SUPPLIED RECORDS START
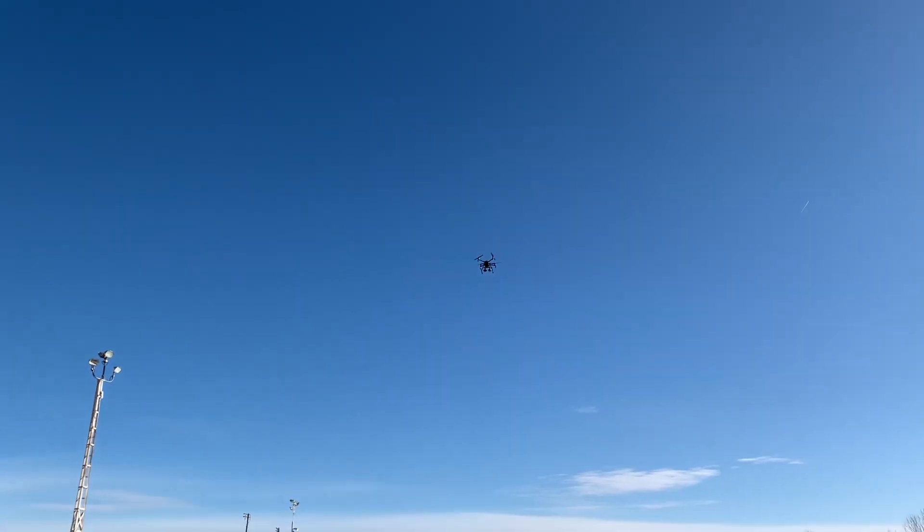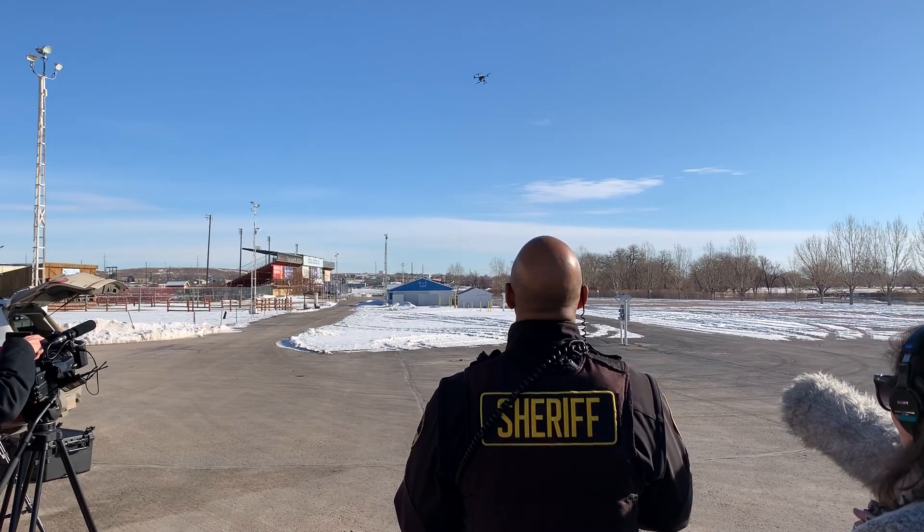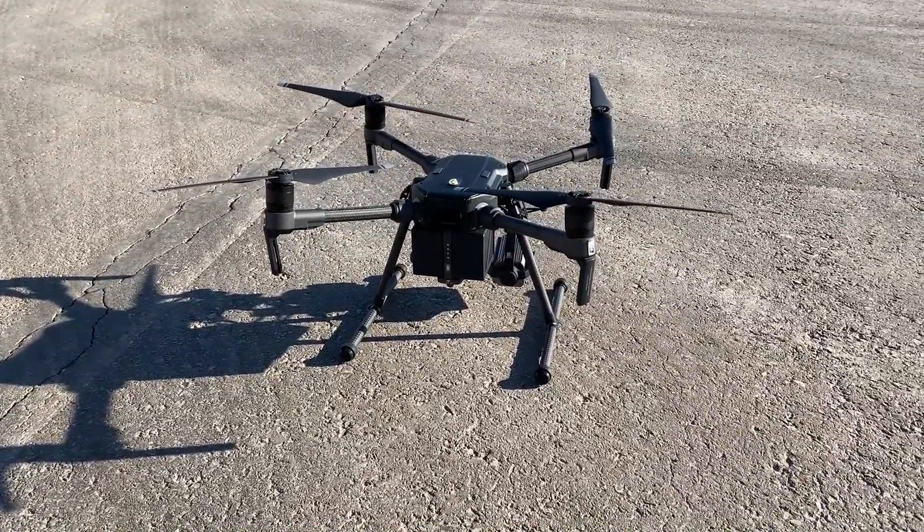Is it hard to fly? You know, this thing almost flies itself. It's really easy to fly, but there's some technical stuff in it. You just have to play with it and get used to it. But it really is a very stable drone, and I think it's going to do what we want it to do.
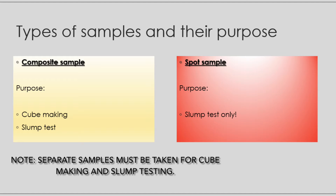It should be representative of the batch and consist of a number of increments. A spot sample is also a quantity of concrete taken from part of a batch, consisting of one or more increments mixed thoroughly.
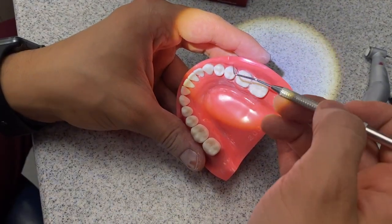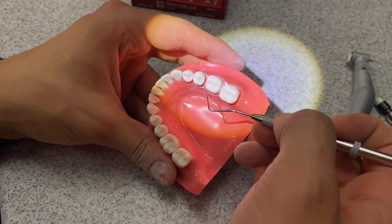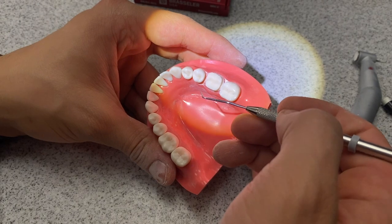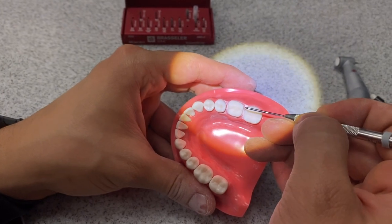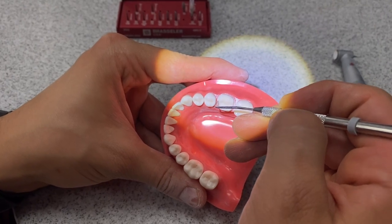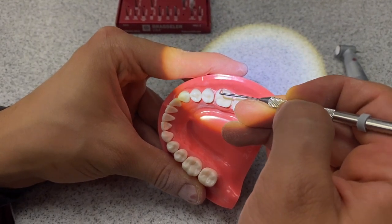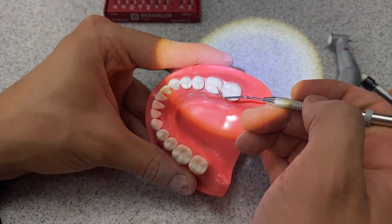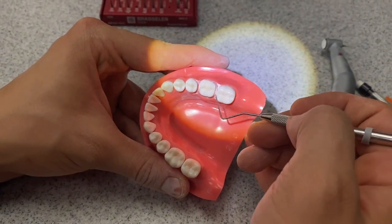Now we've done essentially the gross reduction of this tooth. Now it comes to refining the prep. This is where self-assessment is going to be really important — being able to analyze your own preps to determine what could be improved. For example, I know that my line angles need to be really well-rounded, and I can see that it's a little bit bumpy here — there might be a little bit of an undercut. All my axial walls need to be smoothed out a little bit more. We're also going to be checking our occlusal reduction with our matrix to make sure we're at the appropriate depths. To do this refinement, I'm going to switch my burr from the 1 DT to the 1 DTF.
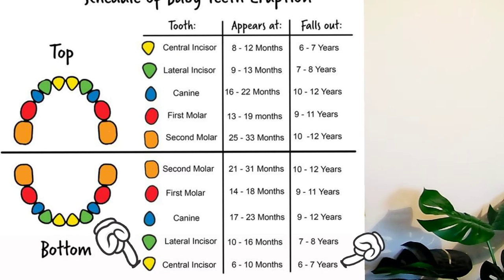Parents worry about when the teeth start coming — when can I start expecting my child's teeth to come through? Mostly, most babies start from six months to ten months getting the lower incisors, and then the upper ones follow. Sometimes it can be delayed. My son's was delayed until he was ten months old — I was really concerned, but when it came through, four teeth came through at the same time.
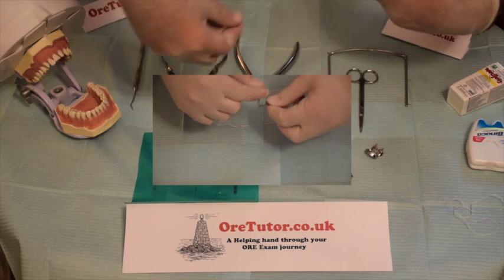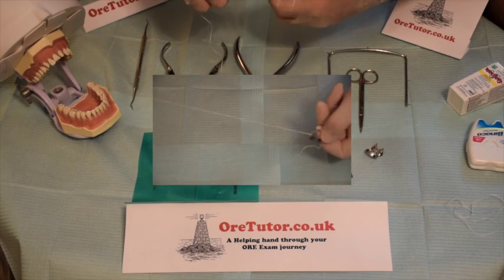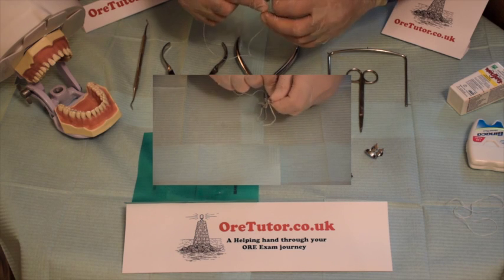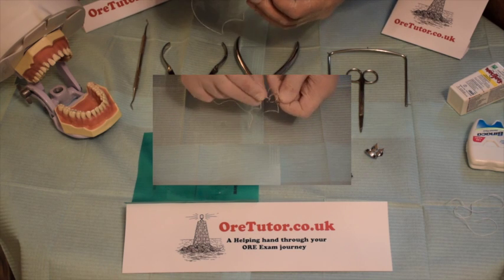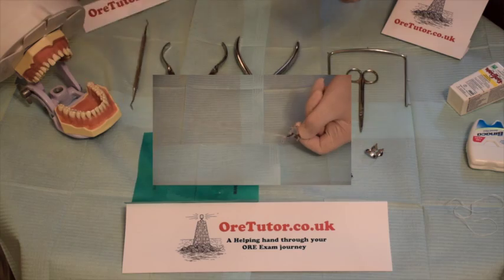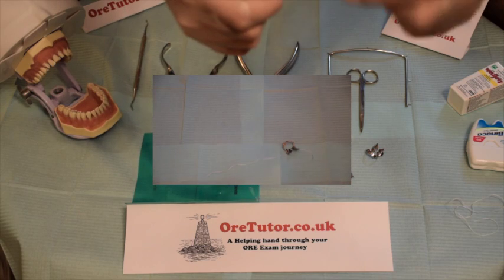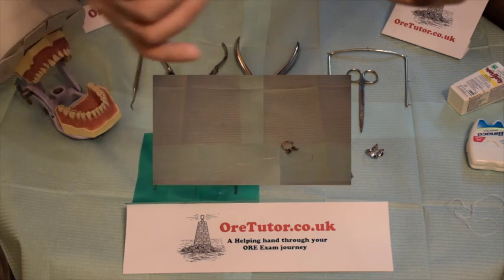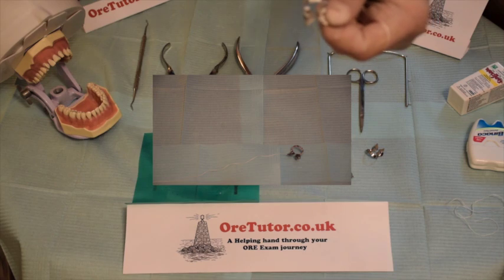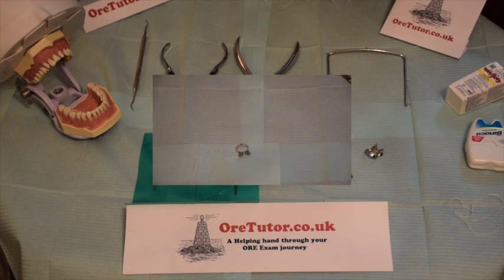Roll the floss over the rim all the way through to the buccal side of the clamp, then pass it through the hole on the buccal side. The dental floss goes from the lingual side, rolled over the rim, and through the buccal side — so when you put it in the patient's mouth, this floss will be on the buccal side. You can use scissors to cut off any extra floss from the lingual side.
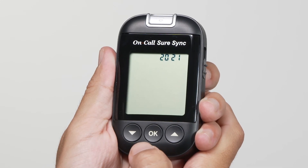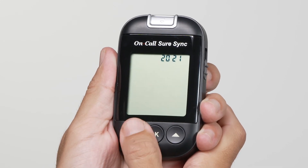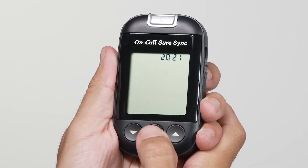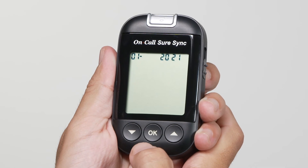The year will appear at the top of the display. Press the down or up button to increase or decrease the year. Once you have selected the correct year, press the OK button to save your choice and start setting the month.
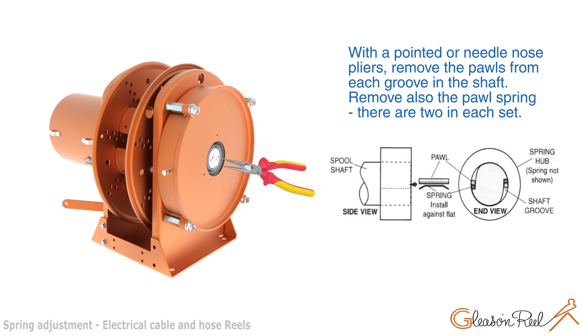With pointed or needle nose pliers, remove the pawls from each groove in the shaft. Remove also the pawl springs — there are two in each set.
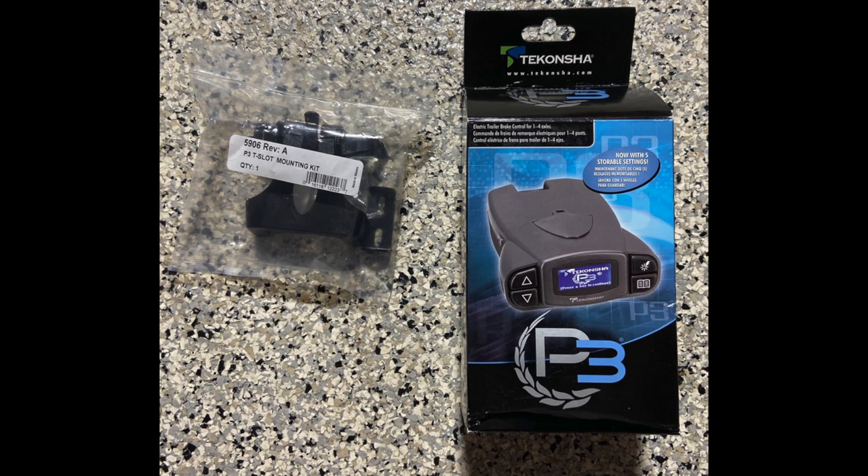Hey Overland Travel Adventurers, let's add a trailer brake controller to our new Jeep Gladiator.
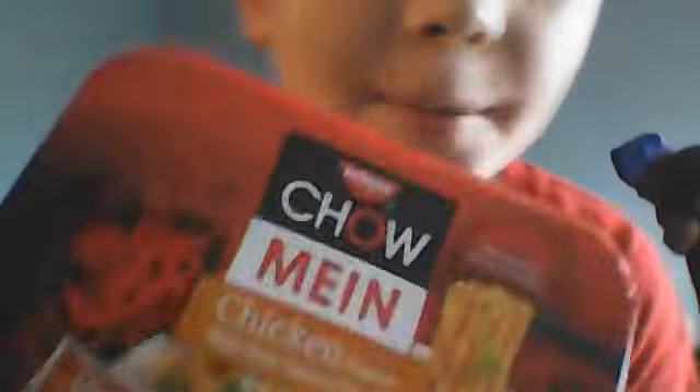Hey guys, today I just got some Joe from Family Dollar Mesa. It's with savory sauce and it's restaurant style noodles. Time to unbox it. I can't wait to try it. I never tried it before, guys.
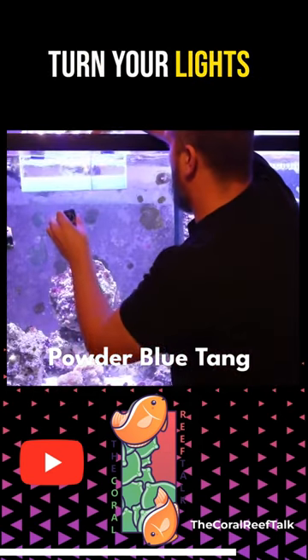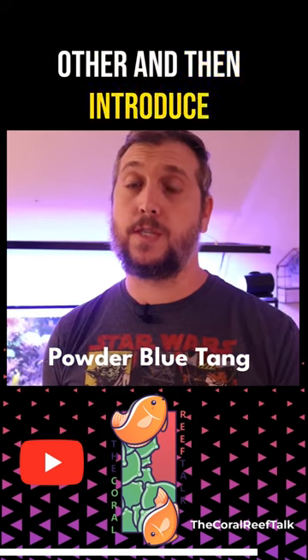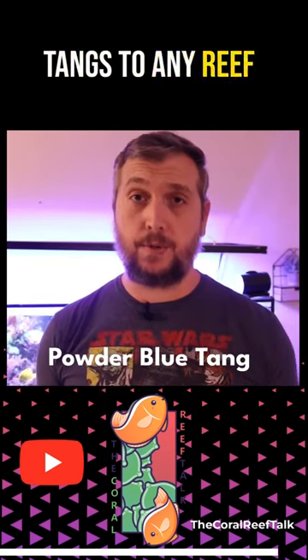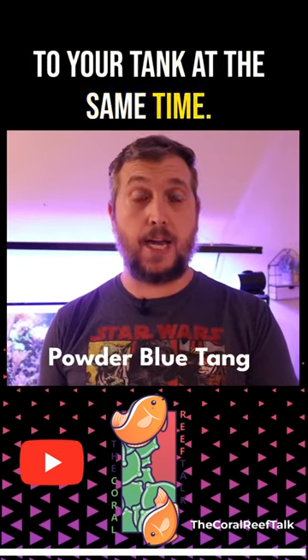You can use something like a tanklimate, turn your lights down low, slowly acclimate them to each other, and then introduce them. But the main takeaway from adding tangs to any reef aquarium is to add the tangs that you want to your tank at the same time.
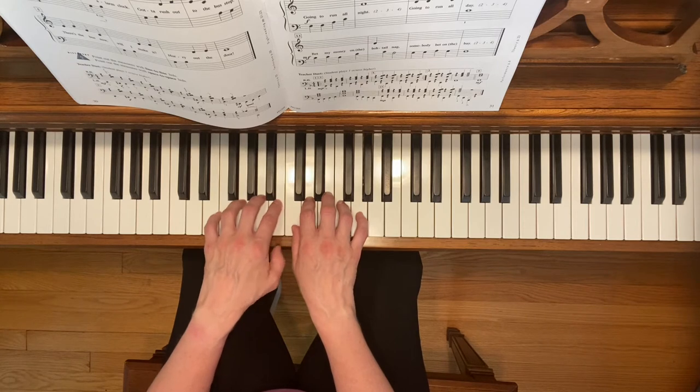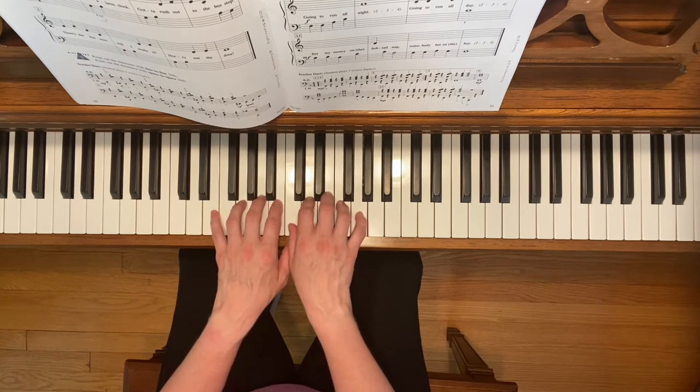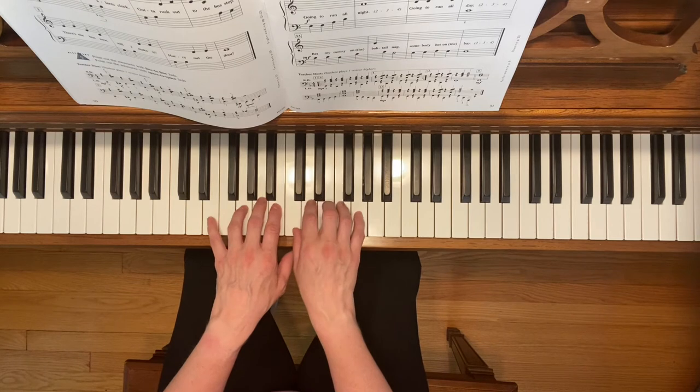Your left thumb is going to stay underneath your right thumb because you're not going to need it for this piece. Here we go.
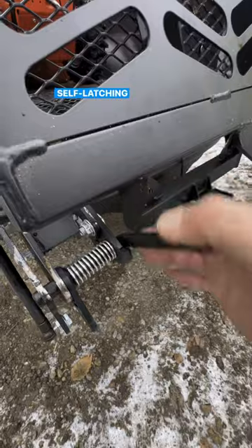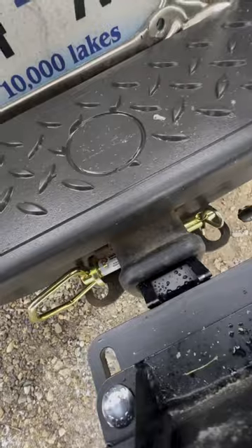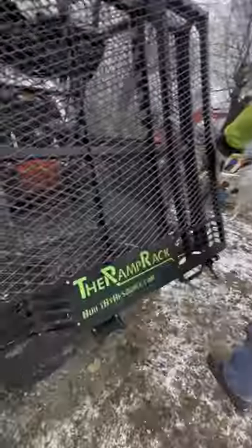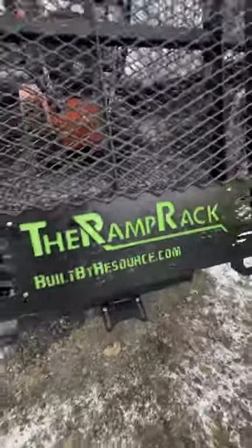Once you fold the ramp up, it locks into place with a self-latching latch. It connects into the hitch of your bumper and then rests on top of your bumper by the ramp rack.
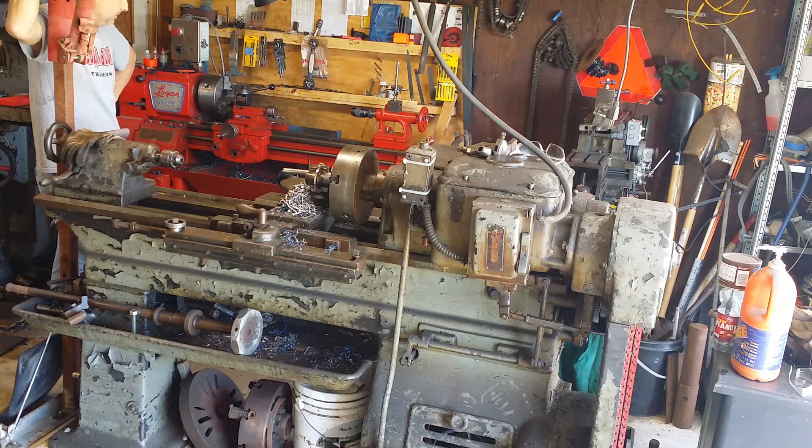As much as I really wanted to just have one lathe to do everything, I just don't know that that's going to be terribly practical. It's hard to compare these two different machines. From what I can tell, this one is supposed to be nearly 4,000 pounds and this one is supposed to be around about 1,200 pounds the way it's configured. It's just night and day the difference in how they operate.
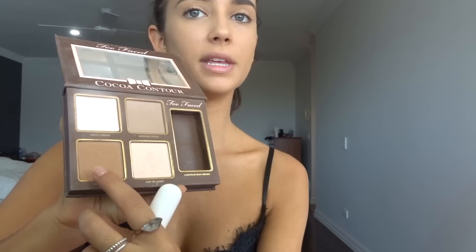Next step is contour. This is the Cocoa Contour from Too Faced. I use this one and then add a little bit more to make it look more defined. Our sister stole our blush — thanks Kayla, shout out to you for stealing our blush and taking it to Noosa. Blush just makes you look vibrant but Kayla stole it so we don't have it today. I mix both and just go like this.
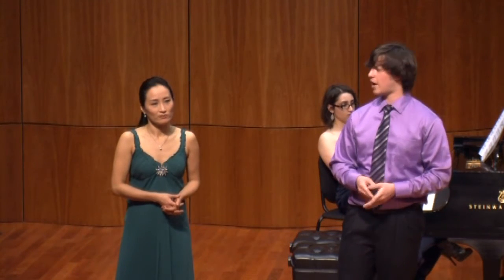The four-hand version was published later on and arranged by a guy named Henry Levine — I think it says so in your program. And it is, I'd say, the most difficult of the three pieces.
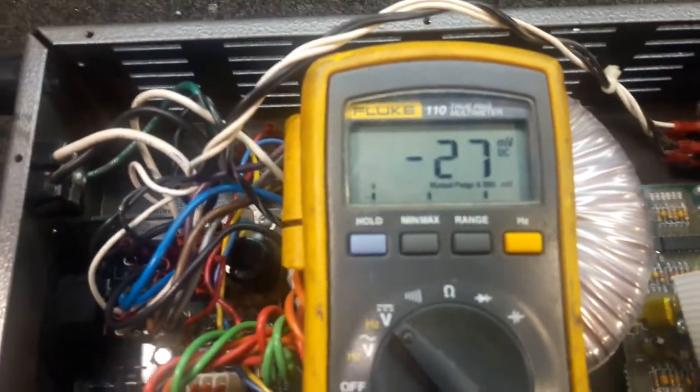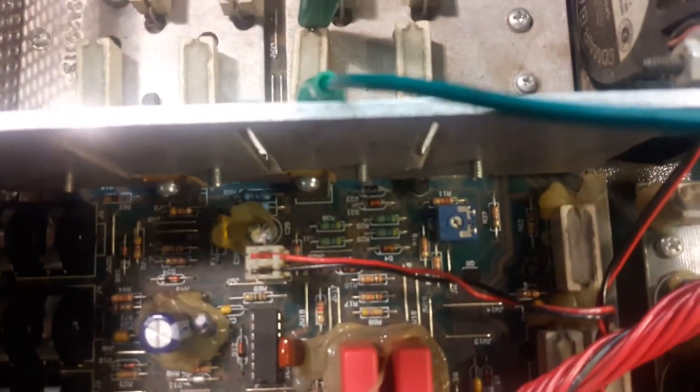Here's how to set the bias. Hook your meter up to one of these resistors. You should have approximately 25 millivolts going through it. Here is the trim pot — you adjust this trim pot, but it's very sensitive, so don't get crazy with it.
SUPPLIED RECORDS END
**PROBLEM TO WORK ON**. Make an exact copy of the lines from the top of the material through the line with "It should be", pictures excluded.

**EXERCISE RESPONSE**.
Is it hard to fly? You know, this thing almost flies itself. It's really easy to fly, but there's some technical stuff in it. You just have to play with it and get used to it. But it really is a very stable drone, and I think it's going to do what we want it to do.
It should be representative of the batch and consist of a number of increments. A spot sample is also a quantity of concrete taken from part of a batch, consisting of one or more increments mixed thoroughly.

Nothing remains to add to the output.